All lived happily together. All shared the same cage / food / exercise wheels etc. One of the sisters was much fatter than all the rest and developed a respiratory infection Despite antibiotics from the vet she died. I had separated her from the others and made sure the cage was clean.

The others showed no signs of any infection, but her sister was constantly looking for her and started pinning and refused to eat or drink.
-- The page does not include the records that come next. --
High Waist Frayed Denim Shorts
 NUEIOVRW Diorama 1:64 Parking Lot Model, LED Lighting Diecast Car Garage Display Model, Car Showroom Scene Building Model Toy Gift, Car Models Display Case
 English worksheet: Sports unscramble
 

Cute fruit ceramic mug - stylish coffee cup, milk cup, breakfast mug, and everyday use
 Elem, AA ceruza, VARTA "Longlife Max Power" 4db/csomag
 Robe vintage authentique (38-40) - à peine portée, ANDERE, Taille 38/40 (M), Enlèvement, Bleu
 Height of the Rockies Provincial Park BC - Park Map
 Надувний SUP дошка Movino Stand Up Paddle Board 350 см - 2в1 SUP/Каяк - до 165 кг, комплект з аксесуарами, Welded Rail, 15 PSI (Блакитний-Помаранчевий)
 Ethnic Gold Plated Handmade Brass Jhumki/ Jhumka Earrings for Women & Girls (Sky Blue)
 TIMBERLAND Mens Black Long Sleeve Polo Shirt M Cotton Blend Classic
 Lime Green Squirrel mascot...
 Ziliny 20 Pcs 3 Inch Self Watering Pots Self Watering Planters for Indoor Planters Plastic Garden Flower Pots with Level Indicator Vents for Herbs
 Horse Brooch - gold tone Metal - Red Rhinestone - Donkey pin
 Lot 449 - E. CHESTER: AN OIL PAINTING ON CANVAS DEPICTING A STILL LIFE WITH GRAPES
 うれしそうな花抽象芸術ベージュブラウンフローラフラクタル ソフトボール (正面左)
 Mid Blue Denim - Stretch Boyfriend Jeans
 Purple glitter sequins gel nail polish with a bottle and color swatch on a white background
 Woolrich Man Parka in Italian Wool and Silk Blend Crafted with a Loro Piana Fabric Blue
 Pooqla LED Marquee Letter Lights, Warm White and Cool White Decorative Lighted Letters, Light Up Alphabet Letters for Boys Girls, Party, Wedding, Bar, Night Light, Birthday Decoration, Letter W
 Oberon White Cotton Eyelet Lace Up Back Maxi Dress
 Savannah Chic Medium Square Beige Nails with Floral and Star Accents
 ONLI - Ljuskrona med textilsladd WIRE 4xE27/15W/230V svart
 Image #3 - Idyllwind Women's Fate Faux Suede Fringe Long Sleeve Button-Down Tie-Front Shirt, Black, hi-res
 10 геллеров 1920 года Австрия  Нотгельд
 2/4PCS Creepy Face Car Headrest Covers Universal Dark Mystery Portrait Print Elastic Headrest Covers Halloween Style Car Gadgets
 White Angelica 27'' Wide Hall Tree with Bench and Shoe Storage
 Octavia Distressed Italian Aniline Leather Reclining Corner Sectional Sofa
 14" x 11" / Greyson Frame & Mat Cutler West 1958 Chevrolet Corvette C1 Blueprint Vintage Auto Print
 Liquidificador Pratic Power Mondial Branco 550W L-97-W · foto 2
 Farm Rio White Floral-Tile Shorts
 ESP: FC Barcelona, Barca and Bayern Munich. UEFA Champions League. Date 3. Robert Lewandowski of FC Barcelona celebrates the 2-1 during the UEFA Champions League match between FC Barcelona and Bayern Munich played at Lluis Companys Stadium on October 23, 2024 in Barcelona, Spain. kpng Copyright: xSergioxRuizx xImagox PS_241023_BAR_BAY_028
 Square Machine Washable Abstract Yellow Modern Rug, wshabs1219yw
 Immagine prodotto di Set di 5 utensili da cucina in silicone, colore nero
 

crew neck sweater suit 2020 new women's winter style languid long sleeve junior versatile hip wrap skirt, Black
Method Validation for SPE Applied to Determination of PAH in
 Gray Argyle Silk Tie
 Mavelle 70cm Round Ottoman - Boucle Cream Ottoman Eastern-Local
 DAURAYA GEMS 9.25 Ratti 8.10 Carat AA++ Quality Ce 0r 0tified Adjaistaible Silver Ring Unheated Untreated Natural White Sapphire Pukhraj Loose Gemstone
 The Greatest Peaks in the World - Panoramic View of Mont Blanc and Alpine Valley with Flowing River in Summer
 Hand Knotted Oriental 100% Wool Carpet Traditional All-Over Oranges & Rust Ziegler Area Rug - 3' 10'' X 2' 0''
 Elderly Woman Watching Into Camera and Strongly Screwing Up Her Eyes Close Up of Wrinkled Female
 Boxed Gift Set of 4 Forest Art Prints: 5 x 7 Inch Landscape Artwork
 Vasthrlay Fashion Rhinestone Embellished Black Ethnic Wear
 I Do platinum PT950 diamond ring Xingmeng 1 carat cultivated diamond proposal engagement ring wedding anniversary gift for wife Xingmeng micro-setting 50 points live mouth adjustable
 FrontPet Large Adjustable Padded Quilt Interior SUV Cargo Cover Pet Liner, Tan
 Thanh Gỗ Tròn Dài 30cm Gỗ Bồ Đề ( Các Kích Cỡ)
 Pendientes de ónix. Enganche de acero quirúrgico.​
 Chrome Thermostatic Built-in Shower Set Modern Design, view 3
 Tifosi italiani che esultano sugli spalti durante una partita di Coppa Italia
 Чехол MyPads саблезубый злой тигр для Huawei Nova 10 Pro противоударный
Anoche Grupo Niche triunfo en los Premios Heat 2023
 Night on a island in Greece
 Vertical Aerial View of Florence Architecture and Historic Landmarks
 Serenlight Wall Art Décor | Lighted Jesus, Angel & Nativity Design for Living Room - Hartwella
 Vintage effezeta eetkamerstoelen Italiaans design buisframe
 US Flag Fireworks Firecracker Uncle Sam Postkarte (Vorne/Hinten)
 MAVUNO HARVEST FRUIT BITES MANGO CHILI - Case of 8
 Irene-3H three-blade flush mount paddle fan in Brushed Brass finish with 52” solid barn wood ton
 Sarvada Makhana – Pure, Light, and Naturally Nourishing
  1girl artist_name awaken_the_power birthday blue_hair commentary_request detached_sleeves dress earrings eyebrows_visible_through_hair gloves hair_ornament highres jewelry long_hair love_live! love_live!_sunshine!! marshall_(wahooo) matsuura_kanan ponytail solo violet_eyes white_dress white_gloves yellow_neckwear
Despite best efforts from me and the other little female who kept nuzzling her she also unfortunately died.

The male is very laid back and does socialise with the other mice but also like his own company.

Worried that the remaining female might get lonely, I waited a week and then went to the pet shop.

They had two females for sale, They advised me that one had been returned by another customer, was traumatised and the two must go together.

I bought both, took them home, left them to settle down the first night.

The second night, I cleaned out my cage so that it would be neutral territory and slowly put all the mice in the newly cleaned cage. After some hesitation all seemed well. Until later when I saw the so called traumatised mouse dig its front paws in to the rear of my female and prove that it was indeed a male.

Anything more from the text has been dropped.